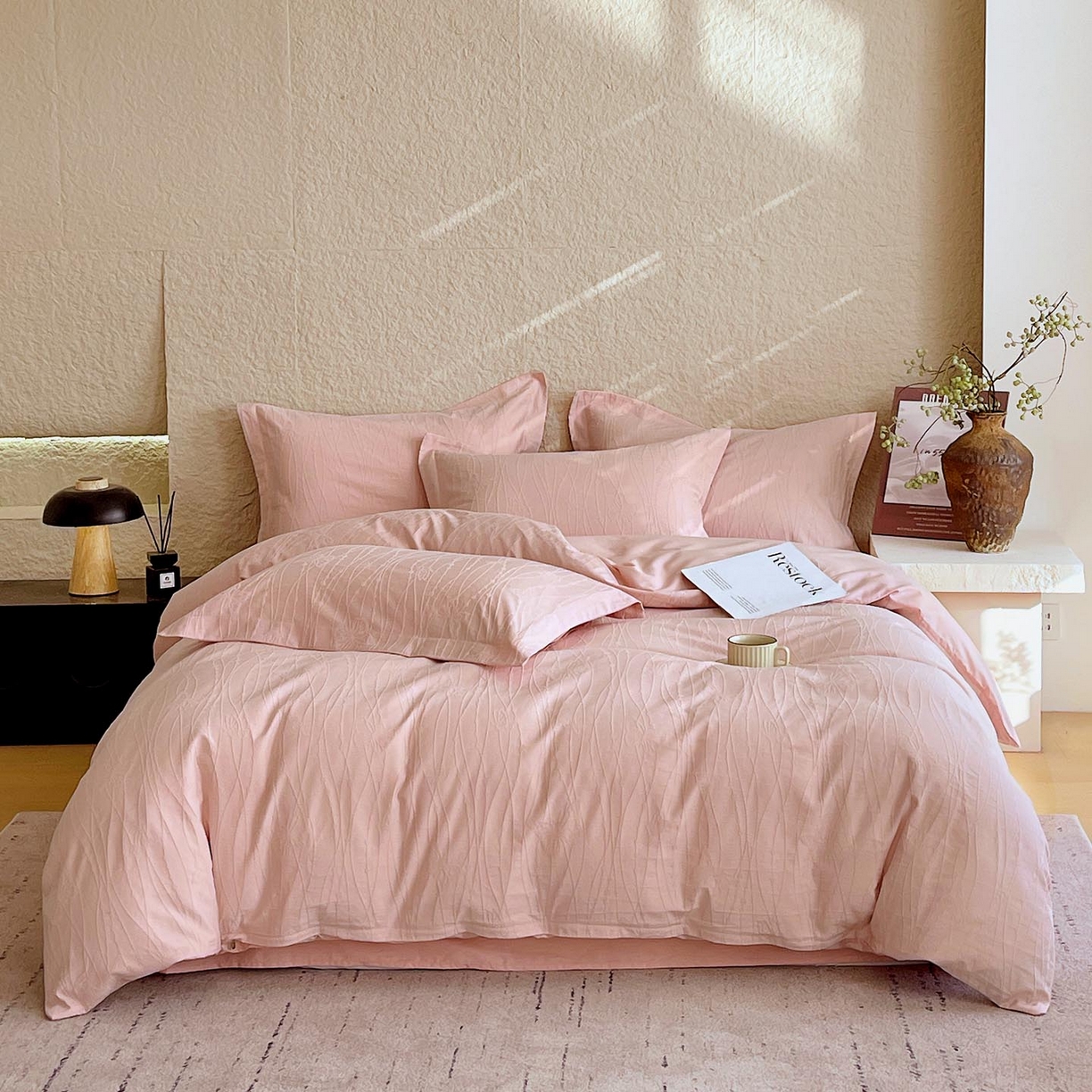 91家纺网 家纺一手货源 找家纺 麦田家纺 2026新款A类全棉亮面浮雕提花四件套 蝶梦-唯美粉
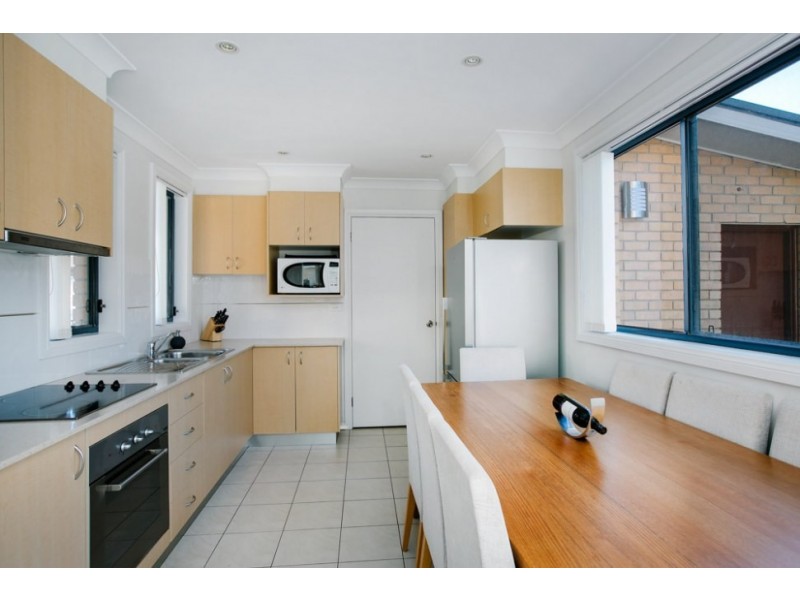 2/27 Tarrawanna Road, Corrimal NSW 2518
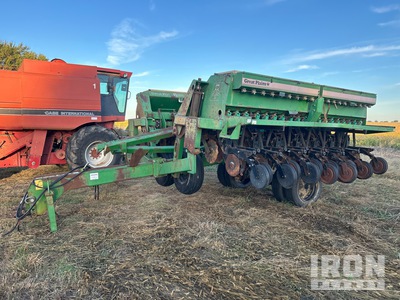 1992 Great Plains 2SNT24387591021125 28 Row No-Till Planter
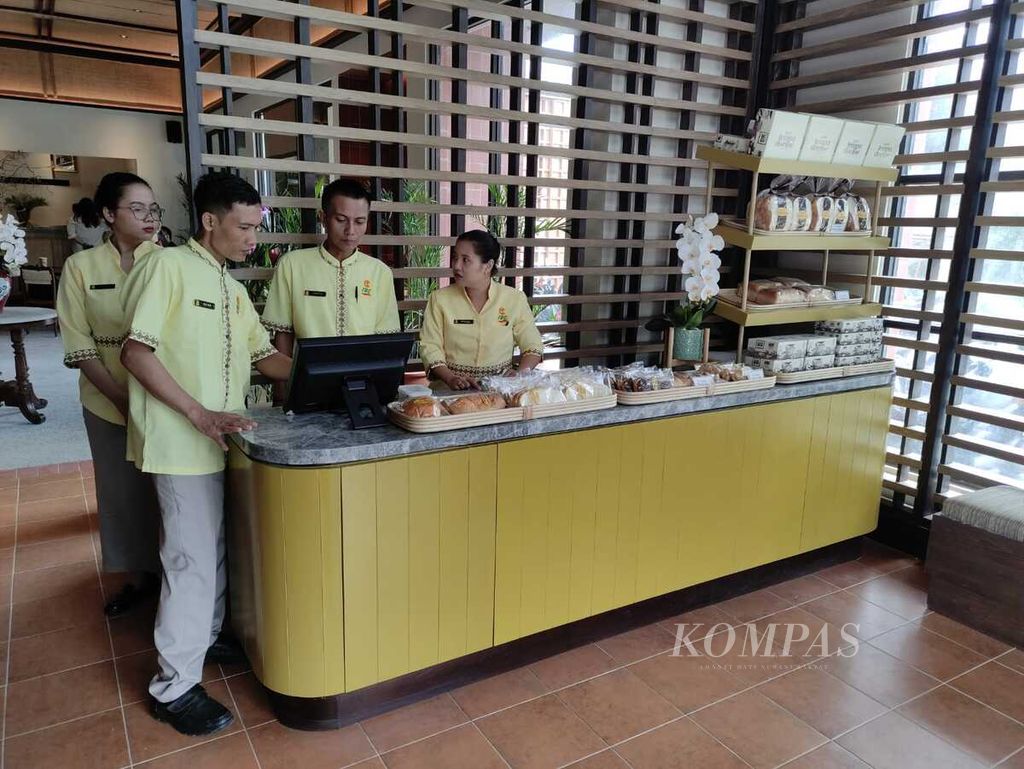 Beberapa pegawai Ikan Bakar Cianjur cabang Cipete, Jakarta, siap melayani pengunjung, Jumat (8/3/2024).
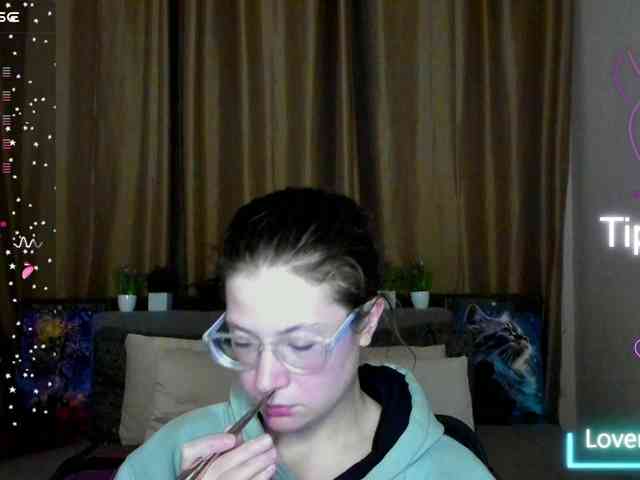 Aliciafolow009 webcam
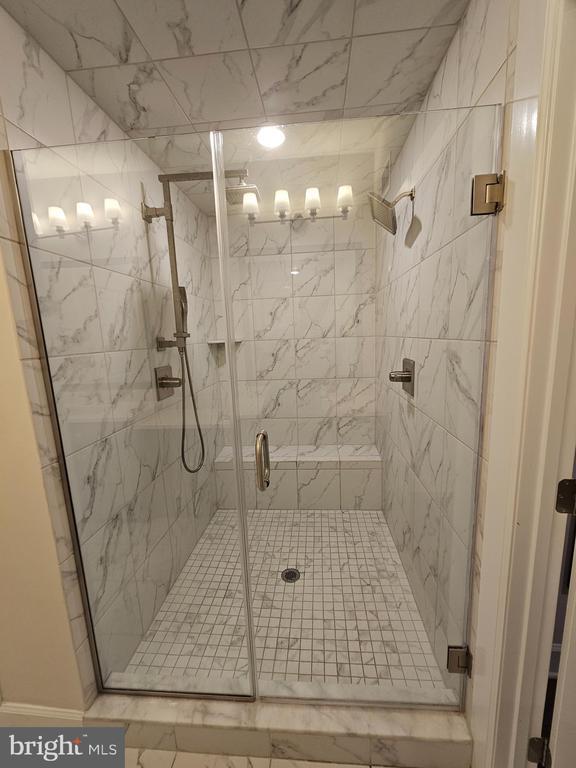 Building Photo - 2502 Vivaldi Ln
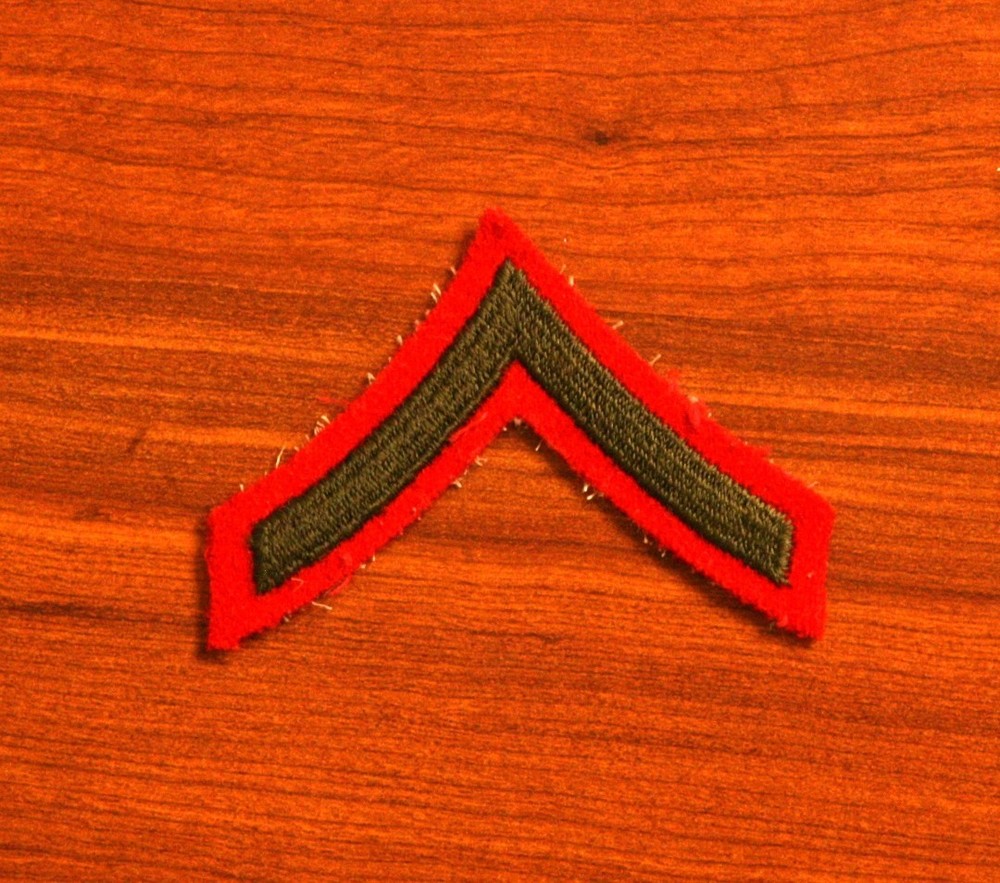 USMC PRIVATE FIRST CLASS CLASS A CHEVRON, SINGLE; OLD STYLE FEMALE SIZE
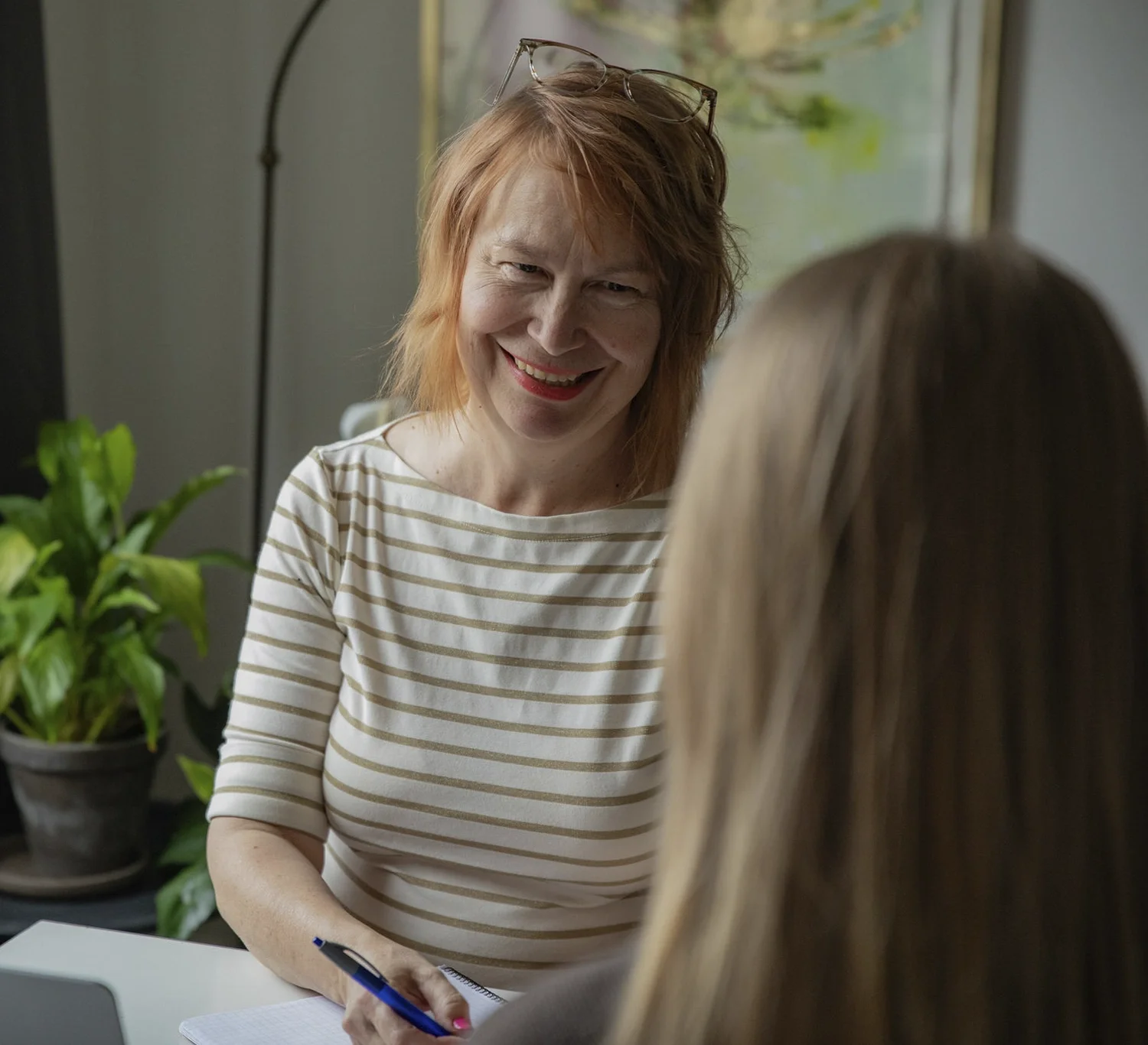 Laura Perheentupa keskustelee asiakkaan kanssa työnohjaustilanteessa.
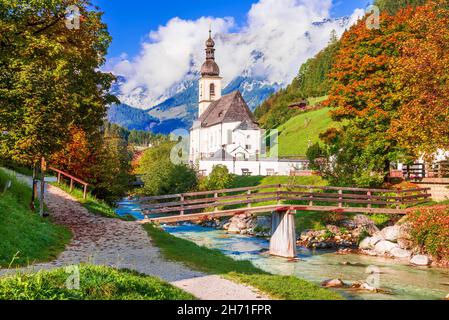Ramsau bei Berchtesgaden, Alemania. Paisaje otoñal del Parque Nacional Ramsau en Berchtesgadener Land en Baviera con increíbles vistas de temporada de la parroquia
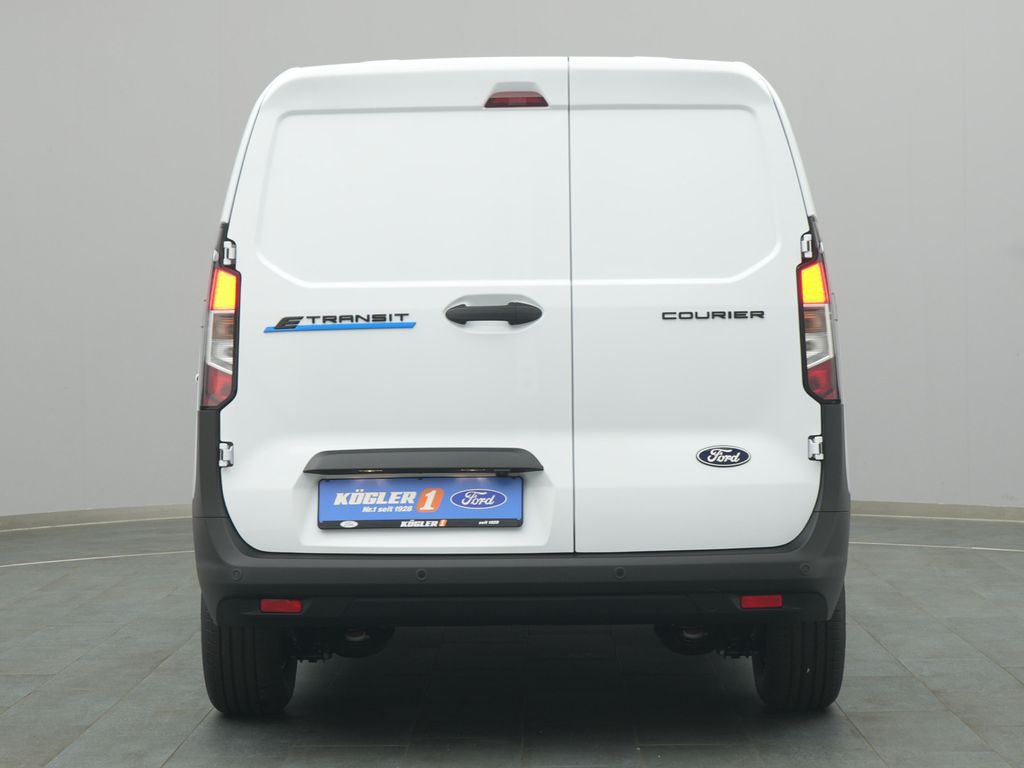 Ford Transit Courier 2025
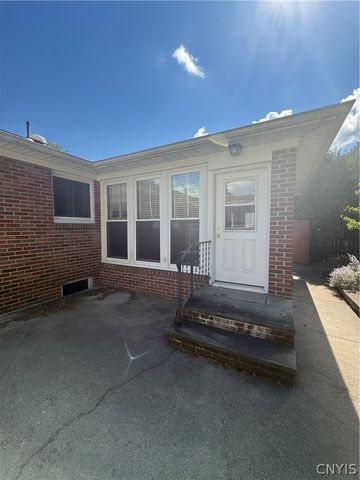 147 Century Dr, Geddes, NY 13209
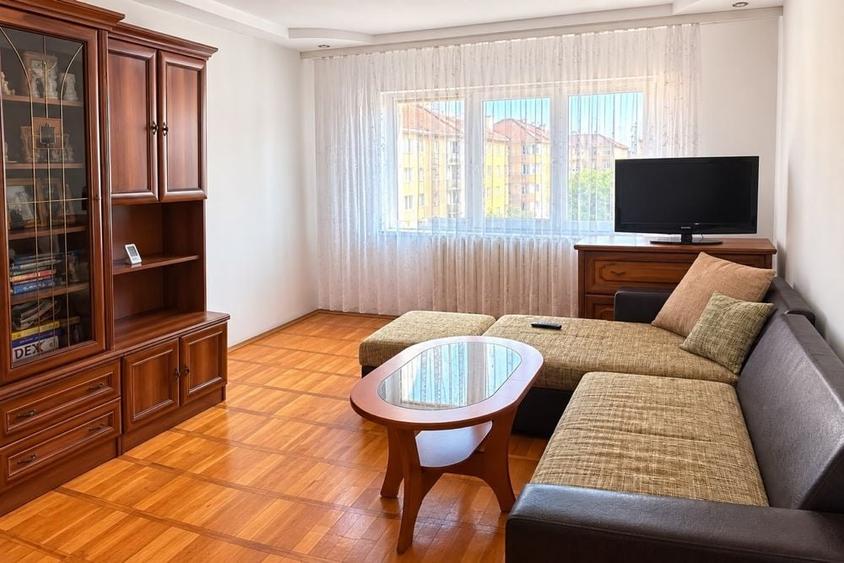 Apartament cu 2 camere decomandat în Central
##########
> [Work to complete] Output every entry verbatim. Pictures do not belong in the copy.

> [Written response]
 91家纺网 家纺一手货源 找家纺 麦田家纺 2026新款A类全棉亮面浮雕提花四件套 蝶梦-唯美粉
 2/27 Tarrawanna Road, Corrimal NSW 2518
 1992 Great Plains 2SNT24387591021125 28 Row No-Till Planter
 Beberapa pegawai Ikan Bakar Cianjur cabang Cipete, Jakarta, siap melayani pengunjung, Jumat (8/3/2024).
 Aliciafolow009 webcam
 Building Photo - 2502 Vivaldi Ln
 USMC PRIVATE FIRST CLASS CLASS A CHEVRON, SINGLE; OLD STYLE FEMALE SIZE
 Laura Perheentupa keskustelee asiakkaan kanssa työnohjaustilanteessa.
Ramsau bei Berchtesgaden, Alemania. Paisaje otoñal del Parque Nacional Ramsau en Berchtesgadener Land en Baviera con increíbles vistas de temporada de la parroquia
 Ford Transit Courier 2025
 147 Century Dr, Geddes, NY 13209
 Apartament cu 2 camere decomandat în Central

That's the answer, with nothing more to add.